IT contractors are looking at the financial services sector for job opportunities as it rebounds strongly from...
the credit crunch, while the public sector enters a crisis of its own.
The recent financial services slowdown, which started with the credit crunch, resulted in financial services businesses cutting staff in their thousands. The sector relies heavily on technology and until the financial crisis was seen as the place to be for IT professionals. Then the credit crunch saw thousands let go as banks cut costs and rationalised. Many IT professionals saw the public sector as a safer bet going forward.
But things have changed. The public sector now faces its biggest ever cuts and IT is bound to take a huge hit. Meanwhile research from contractor service provider Giant Group reveals that the finance sector is recruiting IT workers again.
The research found that 36.7% of IT contractors think the financial services sector will create the most IT jobs over the next 12 months. This compares with 22% this time last year.

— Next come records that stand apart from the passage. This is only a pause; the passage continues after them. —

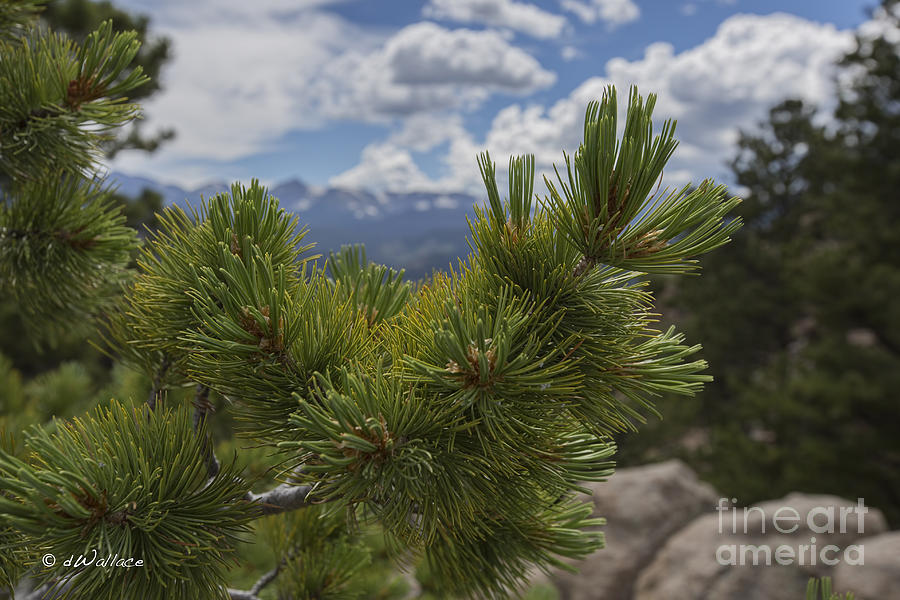 Colorado Mountain Pine Needles Photograph by D Wallace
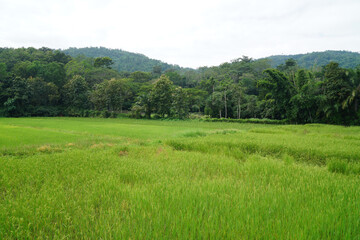 Golden yellow ripe rice plants in the rice green field - agricultural scene  - Harvest season in chiang rai thailand - Landscape green Nature abstract background 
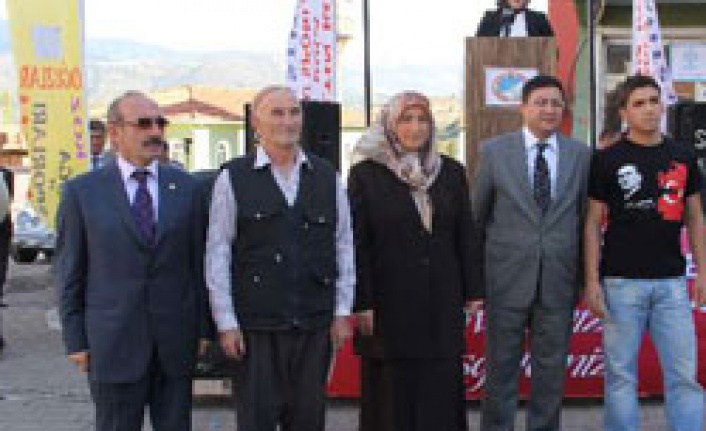 Oğuzlar ceviz festivali başladı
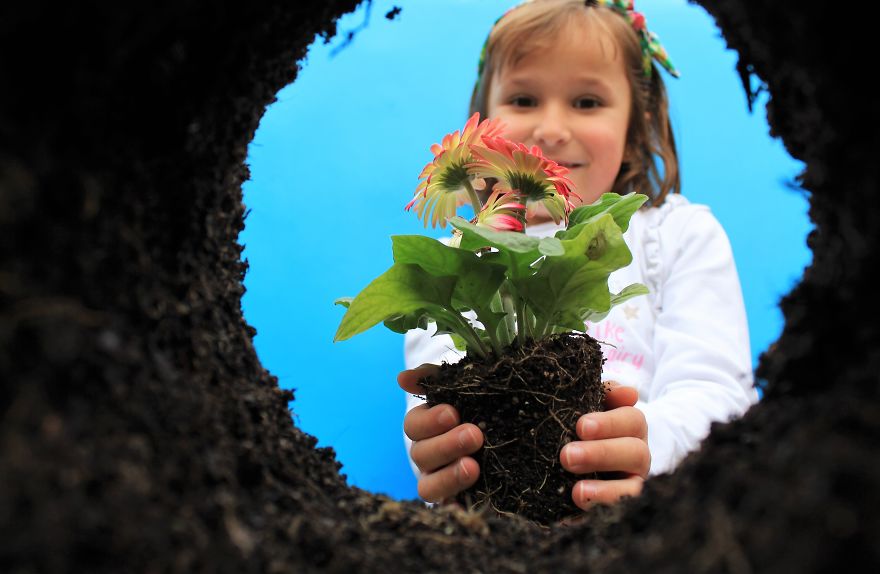 Spring: The Ideal Time To Transplant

"The private sector recovery is well and truly under way," said Giant Group managing director Matthew Brown. "The banking sector in particular is growing at the fastest rate since before the financial crisis and those same team leaders who were told to let contractors go at the start of the recession are being instructed to start hiring again.
"The big commercial banks are in a much better state than they were last year and many are beginning to kick-start projects that stalled during the recession. Investment banks are also back in rude health after their near-death experience, although recent results suggest the sector is not yet consistently firing on all cylinders."
The company said that the number of IT workers who had been without work for 90 days or more dropped significantly this year to 6.5% compared with over 10% last year. Before Lehman Brothers collapsed, triggering the financial service crisis, this figure was 5%.
But the public sector, like the finance industry, is home to hundreds of thousands of IT professionals in the UK, and it is heading in the opposite direction. Just 4.5% of IT contractors expected the public sector to create the most IT jobs in 2011 - a massive drop from the 24.7% figure recorded in the fourth quarter of 2009.
"With the public sector facing large-scale redundancies, there will be little room for additional spend on temporary staff over the next year," said Brown "A lot of projects that would have created opportunities for contractors are either being put on hold or axed altogether."
According to Brown, contractors might be at an advantage compared to permanent staff: "While the outlook for contractors in the public sector may look bleak now, the public sector will remain under intense pressure to keep permanent headcounts down for some time. In the medium term, this could create opportunities for contractors, who may benefit when the public sector experiences short-term spikes in project work."